▶ **Information given**:
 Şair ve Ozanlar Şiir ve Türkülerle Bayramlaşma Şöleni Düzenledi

==

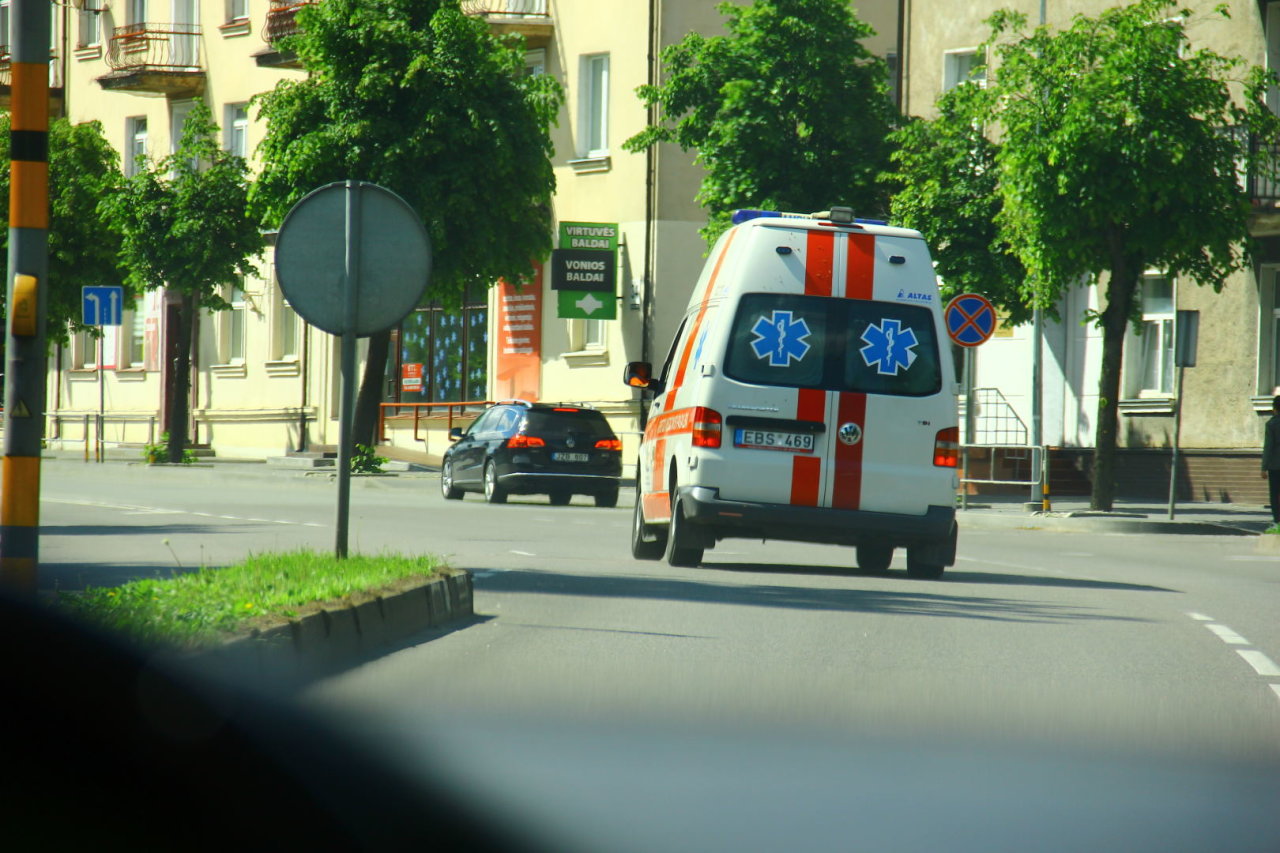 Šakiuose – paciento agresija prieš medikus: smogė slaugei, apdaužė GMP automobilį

---

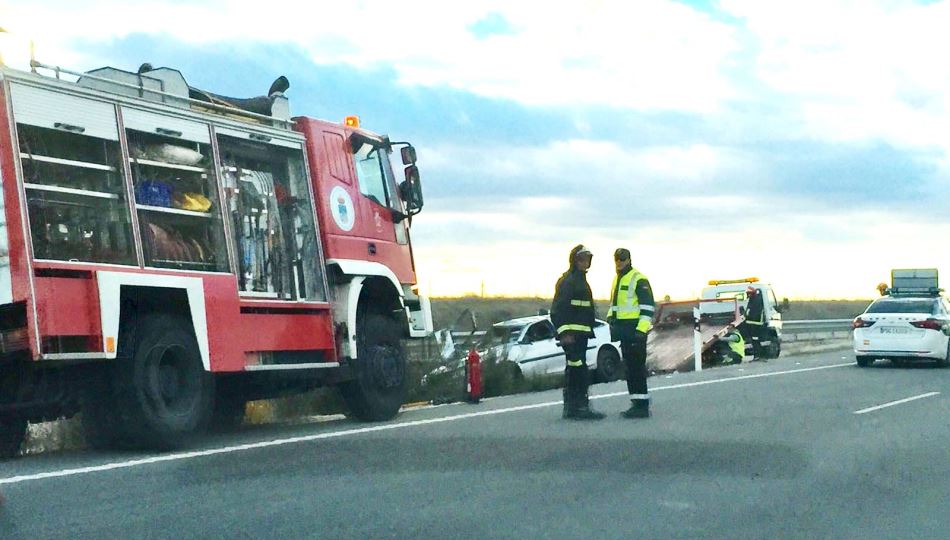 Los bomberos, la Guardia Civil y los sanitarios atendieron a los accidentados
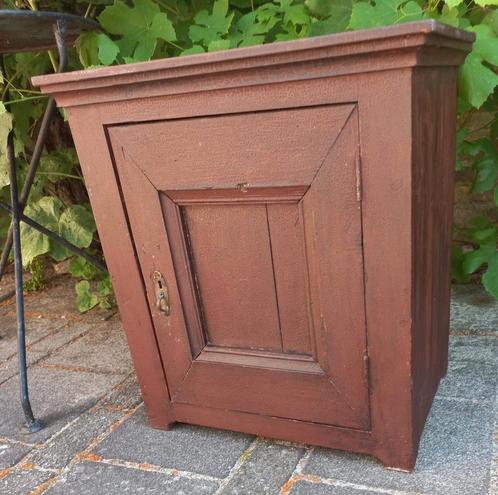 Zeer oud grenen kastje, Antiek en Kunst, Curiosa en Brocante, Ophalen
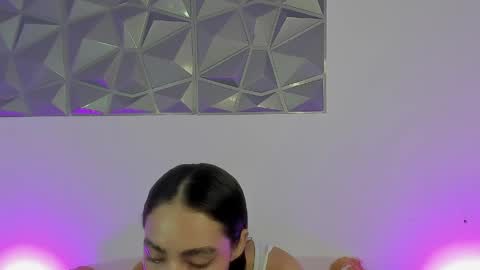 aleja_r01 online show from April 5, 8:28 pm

▶ **Goal of the exercise**:
Beginning at the line above that contains "Zeer oud grenen" and going on through the line that contains "aleja_r01 online show from April 5, 8:28 pm", please copy every line exactly, leaving the pictures out and adding nothing.

▶ **Completed exercise**:
 Zeer oud grenen kastje, Antiek en Kunst, Curiosa en Brocante, Ophalen
 aleja_r01 online show from April 5, 8:28 pm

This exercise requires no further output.